Content starts

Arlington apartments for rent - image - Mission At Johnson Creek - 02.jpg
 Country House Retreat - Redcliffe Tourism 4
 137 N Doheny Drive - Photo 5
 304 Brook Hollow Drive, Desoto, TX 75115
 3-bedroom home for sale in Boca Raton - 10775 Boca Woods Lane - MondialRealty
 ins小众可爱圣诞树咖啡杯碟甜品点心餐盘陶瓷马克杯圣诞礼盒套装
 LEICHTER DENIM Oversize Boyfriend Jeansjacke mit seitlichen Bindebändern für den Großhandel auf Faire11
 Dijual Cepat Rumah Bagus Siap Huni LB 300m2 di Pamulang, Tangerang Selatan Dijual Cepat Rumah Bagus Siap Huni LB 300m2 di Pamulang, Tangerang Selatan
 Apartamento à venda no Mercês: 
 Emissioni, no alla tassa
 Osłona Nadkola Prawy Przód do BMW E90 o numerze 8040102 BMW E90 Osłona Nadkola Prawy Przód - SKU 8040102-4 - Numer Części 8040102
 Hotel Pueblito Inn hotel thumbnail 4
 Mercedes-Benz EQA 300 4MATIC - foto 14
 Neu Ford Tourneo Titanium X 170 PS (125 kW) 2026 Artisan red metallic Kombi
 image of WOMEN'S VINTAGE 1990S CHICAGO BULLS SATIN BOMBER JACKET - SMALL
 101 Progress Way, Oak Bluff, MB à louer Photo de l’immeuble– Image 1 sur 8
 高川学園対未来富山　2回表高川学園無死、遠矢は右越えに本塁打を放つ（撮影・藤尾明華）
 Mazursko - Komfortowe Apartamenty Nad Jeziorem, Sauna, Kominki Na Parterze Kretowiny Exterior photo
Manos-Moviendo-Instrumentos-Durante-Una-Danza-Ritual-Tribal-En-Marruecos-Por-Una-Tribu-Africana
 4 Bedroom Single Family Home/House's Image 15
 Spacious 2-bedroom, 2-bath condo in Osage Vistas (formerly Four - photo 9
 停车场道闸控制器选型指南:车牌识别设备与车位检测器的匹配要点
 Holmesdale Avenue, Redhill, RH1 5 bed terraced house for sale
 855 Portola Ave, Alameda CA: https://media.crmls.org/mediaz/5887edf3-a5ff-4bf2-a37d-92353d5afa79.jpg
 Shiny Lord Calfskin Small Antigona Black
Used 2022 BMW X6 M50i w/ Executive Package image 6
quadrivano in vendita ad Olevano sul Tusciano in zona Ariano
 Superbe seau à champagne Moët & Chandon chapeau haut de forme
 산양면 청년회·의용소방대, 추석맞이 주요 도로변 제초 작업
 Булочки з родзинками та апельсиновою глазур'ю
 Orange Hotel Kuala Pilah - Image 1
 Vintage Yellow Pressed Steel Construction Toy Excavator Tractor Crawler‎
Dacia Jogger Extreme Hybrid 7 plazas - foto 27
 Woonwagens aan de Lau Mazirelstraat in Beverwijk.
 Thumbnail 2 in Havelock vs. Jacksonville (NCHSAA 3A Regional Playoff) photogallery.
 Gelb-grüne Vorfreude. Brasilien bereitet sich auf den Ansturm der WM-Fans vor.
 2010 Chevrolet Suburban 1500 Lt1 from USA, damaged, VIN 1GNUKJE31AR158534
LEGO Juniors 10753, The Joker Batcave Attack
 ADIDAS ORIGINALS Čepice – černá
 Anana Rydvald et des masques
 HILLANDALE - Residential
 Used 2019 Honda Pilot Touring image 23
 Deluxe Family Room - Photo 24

Content ends

[EXERCISE GOAL]
Every record above must be repeated word for word.

[ANSWER BOX]
Arlington apartments for rent - image - Mission At Johnson Creek - 02.jpg
 Country House Retreat - Redcliffe Tourism 4
 137 N Doheny Drive - Photo 5
 304 Brook Hollow Drive, Desoto, TX 75115
 3-bedroom home for sale in Boca Raton - 10775 Boca Woods Lane - MondialRealty
 ins小众可爱圣诞树咖啡杯碟甜品点心餐盘陶瓷马克杯圣诞礼盒套装
 LEICHTER DENIM Oversize Boyfriend Jeansjacke mit seitlichen Bindebändern für den Großhandel auf Faire11
 Dijual Cepat Rumah Bagus Siap Huni LB 300m2 di Pamulang, Tangerang Selatan Dijual Cepat Rumah Bagus Siap Huni LB 300m2 di Pamulang, Tangerang Selatan
 Apartamento à venda no Mercês: 
 Emissioni, no alla tassa
 Osłona Nadkola Prawy Przód do BMW E90 o numerze 8040102 BMW E90 Osłona Nadkola Prawy Przód - SKU 8040102-4 - Numer Części 8040102
 Hotel Pueblito Inn hotel thumbnail 4
 Mercedes-Benz EQA 300 4MATIC - foto 14
 Neu Ford Tourneo Titanium X 170 PS (125 kW) 2026 Artisan red metallic Kombi
 image of WOMEN'S VINTAGE 1990S CHICAGO BULLS SATIN BOMBER JACKET - SMALL
 101 Progress Way, Oak Bluff, MB à louer Photo de l’immeuble– Image 1 sur 8
 高川学園対未来富山　2回表高川学園無死、遠矢は右越えに本塁打を放つ（撮影・藤尾明華）
 Mazursko - Komfortowe Apartamenty Nad Jeziorem, Sauna, Kominki Na Parterze Kretowiny Exterior photo
Manos-Moviendo-Instrumentos-Durante-Una-Danza-Ritual-Tribal-En-Marruecos-Por-Una-Tribu-Africana
 4 Bedroom Single Family Home/House's Image 15
 Spacious 2-bedroom, 2-bath condo in Osage Vistas (formerly Four - photo 9
 停车场道闸控制器选型指南:车牌识别设备与车位检测器的匹配要点
 Holmesdale Avenue, Redhill, RH1 5 bed terraced house for sale
 855 Portola Ave, Alameda CA: https://media.crmls.org/mediaz/5887edf3-a5ff-4bf2-a37d-92353d5afa79.jpg
 Shiny Lord Calfskin Small Antigona Black
Used 2022 BMW X6 M50i w/ Executive Package image 6
quadrivano in vendita ad Olevano sul Tusciano in zona Ariano
 Superbe seau à champagne Moët & Chandon chapeau haut de forme
 산양면 청년회·의용소방대, 추석맞이 주요 도로변 제초 작업
 Булочки з родзинками та апельсиновою глазур'ю
 Orange Hotel Kuala Pilah - Image 1
 Vintage Yellow Pressed Steel Construction Toy Excavator Tractor Crawler‎
Dacia Jogger Extreme Hybrid 7 plazas - foto 27
 Woonwagens aan de Lau Mazirelstraat in Beverwijk.
 Thumbnail 2 in Havelock vs. Jacksonville (NCHSAA 3A Regional Playoff) photogallery.
 Gelb-grüne Vorfreude. Brasilien bereitet sich auf den Ansturm der WM-Fans vor.
 2010 Chevrolet Suburban 1500 Lt1 from USA, damaged, VIN 1GNUKJE31AR158534
LEGO Juniors 10753, The Joker Batcave Attack
 ADIDAS ORIGINALS Čepice – černá
 Anana Rydvald et des masques
 HILLANDALE - Residential
 Used 2019 Honda Pilot Touring image 23
 Deluxe Family Room - Photo 24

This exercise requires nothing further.